Ronnie Chambers

Personal information
- Nationality: British (Northern Irish)
- Born: c.1934

Sport
- Sport: Athletics
- Event: Sprints
- Club: Albert Foundry AC Short and Harland AC

= Ronnie Chambers =

Northern Irish athlete (born c.1934)

Ronald J. Chambers (born c.1934) is a former athlete from Northern Ireland, who represented Northern Ireland at the British Empire and Commmonwealth Games (now Commonwealth Games).

== Biography ==
Chambers attended The Royal School, Armagh and had trials for the Irish national rugby team and his father James Chambers was an Irish international footballer. In 1954, Chambers was a member of the Albert Foundry Athletics Club when he won the Irish national title over both 100 and 220 yards. From Bessbrook, he later joined Short and Harland Athletics Club in Belfast.

At the 1956 Northern Ireland Championships he won the 220 yards, defeating Paddy Toner, but finished second to Toner in the 100 yards. In May 1958 he was selected for the first trials relay team at Paisley Park, with the view to forming the relay squad for the Empire Games.

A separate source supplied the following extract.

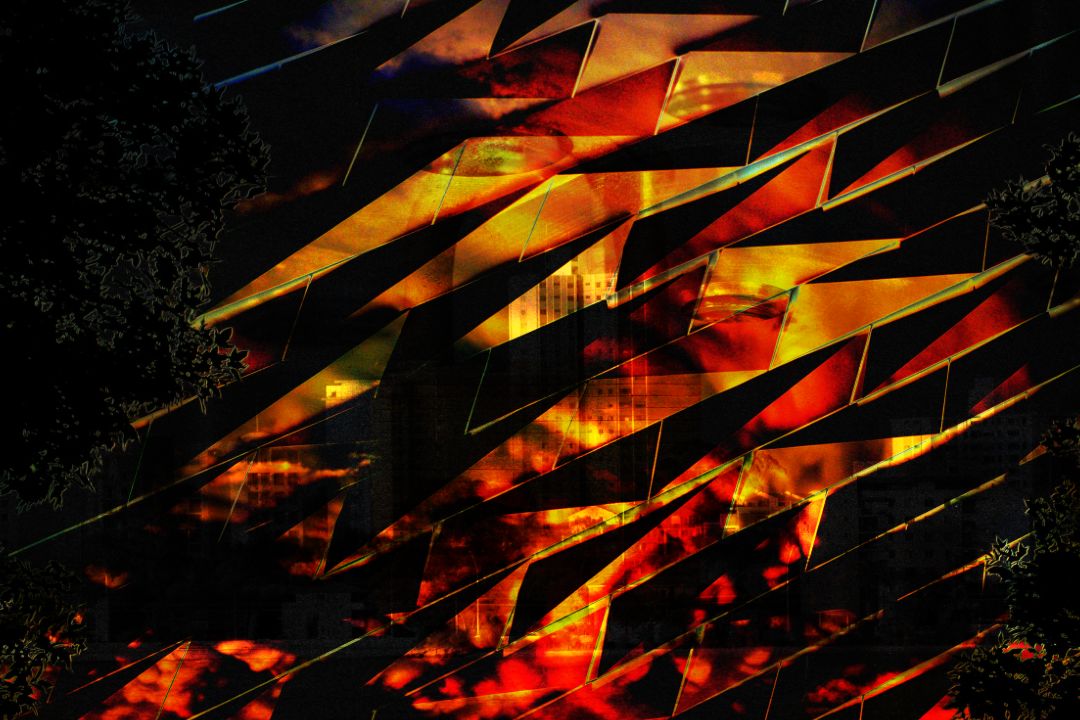 A lattice of angular orange shapes, in which a cityscape can be seen. Darkened leaves are visible around the edges of the image.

Chambers was named by the Northern Ireland AAA in the final 1958 Northern Irish Team for the forthcoming Empire and Commonwealth Games. He subsequently competed at the 1958 British Empire and Commonwealth Games in Cardiff, Wales, participating in the three athletics events; the 100 yards, the 220 yards and the 4x110 yards relay event with Gordon Hamilton, Peter Street and Paddy Toner.